[Web page caption snippets]
--- START ---

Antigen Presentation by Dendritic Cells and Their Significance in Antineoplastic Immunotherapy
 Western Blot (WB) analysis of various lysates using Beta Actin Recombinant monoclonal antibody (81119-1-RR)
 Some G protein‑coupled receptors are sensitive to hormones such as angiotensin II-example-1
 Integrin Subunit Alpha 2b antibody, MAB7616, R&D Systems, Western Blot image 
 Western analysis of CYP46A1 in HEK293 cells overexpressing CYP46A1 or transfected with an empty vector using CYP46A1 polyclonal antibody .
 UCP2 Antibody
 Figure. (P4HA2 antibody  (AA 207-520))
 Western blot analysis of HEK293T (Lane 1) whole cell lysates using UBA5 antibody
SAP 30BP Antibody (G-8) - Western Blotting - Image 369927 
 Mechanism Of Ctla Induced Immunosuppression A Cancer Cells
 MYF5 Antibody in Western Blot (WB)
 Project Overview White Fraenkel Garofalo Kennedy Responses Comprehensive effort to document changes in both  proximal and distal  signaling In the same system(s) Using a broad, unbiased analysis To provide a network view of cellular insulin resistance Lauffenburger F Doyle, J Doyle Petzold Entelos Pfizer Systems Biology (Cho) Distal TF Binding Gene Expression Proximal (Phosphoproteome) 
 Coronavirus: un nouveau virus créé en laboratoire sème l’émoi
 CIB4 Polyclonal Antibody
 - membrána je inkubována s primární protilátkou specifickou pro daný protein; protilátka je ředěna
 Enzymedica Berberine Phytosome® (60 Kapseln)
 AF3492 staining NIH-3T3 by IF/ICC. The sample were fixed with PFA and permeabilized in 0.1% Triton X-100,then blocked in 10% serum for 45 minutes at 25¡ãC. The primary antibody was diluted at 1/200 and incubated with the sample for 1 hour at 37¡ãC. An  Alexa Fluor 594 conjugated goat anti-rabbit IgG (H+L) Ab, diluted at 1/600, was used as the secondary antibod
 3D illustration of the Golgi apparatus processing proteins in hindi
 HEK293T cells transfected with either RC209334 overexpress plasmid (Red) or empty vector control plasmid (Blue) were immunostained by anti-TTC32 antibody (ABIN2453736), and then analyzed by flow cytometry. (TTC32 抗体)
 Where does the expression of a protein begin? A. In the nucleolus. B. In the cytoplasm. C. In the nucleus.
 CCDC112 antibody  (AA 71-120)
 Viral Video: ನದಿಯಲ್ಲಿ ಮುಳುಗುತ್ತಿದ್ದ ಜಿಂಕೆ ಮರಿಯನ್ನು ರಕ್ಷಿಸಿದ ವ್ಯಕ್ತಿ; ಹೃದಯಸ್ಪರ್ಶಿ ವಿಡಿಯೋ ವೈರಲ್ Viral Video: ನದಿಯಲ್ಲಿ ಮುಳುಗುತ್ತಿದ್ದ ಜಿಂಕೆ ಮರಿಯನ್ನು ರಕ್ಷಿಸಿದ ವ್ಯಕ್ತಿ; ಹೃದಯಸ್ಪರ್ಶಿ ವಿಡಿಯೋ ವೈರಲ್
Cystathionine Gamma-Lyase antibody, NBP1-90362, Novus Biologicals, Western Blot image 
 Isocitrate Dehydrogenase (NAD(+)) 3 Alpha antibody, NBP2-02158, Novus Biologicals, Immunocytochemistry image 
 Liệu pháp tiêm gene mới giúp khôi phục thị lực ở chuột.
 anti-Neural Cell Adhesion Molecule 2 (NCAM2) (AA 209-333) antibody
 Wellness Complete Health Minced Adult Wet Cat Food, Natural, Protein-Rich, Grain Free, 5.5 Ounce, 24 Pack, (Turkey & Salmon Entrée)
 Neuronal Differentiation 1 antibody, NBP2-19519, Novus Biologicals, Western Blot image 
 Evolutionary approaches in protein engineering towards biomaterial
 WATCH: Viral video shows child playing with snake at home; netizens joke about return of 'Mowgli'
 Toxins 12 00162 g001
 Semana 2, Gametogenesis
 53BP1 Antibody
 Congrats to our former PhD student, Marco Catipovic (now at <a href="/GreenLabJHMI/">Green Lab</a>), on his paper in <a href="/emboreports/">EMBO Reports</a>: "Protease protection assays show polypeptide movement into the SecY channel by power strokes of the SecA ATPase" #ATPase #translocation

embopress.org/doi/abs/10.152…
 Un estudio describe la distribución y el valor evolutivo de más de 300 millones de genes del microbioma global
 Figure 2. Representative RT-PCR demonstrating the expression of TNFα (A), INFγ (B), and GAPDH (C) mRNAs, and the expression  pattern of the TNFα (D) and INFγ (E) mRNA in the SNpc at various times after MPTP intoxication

--- END ---

Above are the records; copy each line from them that includes the string "transfected".

→ **Exercise result**:
 Western analysis of CYP46A1 in HEK293 cells overexpressing CYP46A1 or transfected with an empty vector using CYP46A1 polyclonal antibody .
 HEK293T cells transfected with either RC209334 overexpress plasmid (Red) or empty vector control plasmid (Blue) were immunostained by anti-TTC32 antibody (ABIN2453736), and then analyzed by flow cytometry. (TTC32 抗体)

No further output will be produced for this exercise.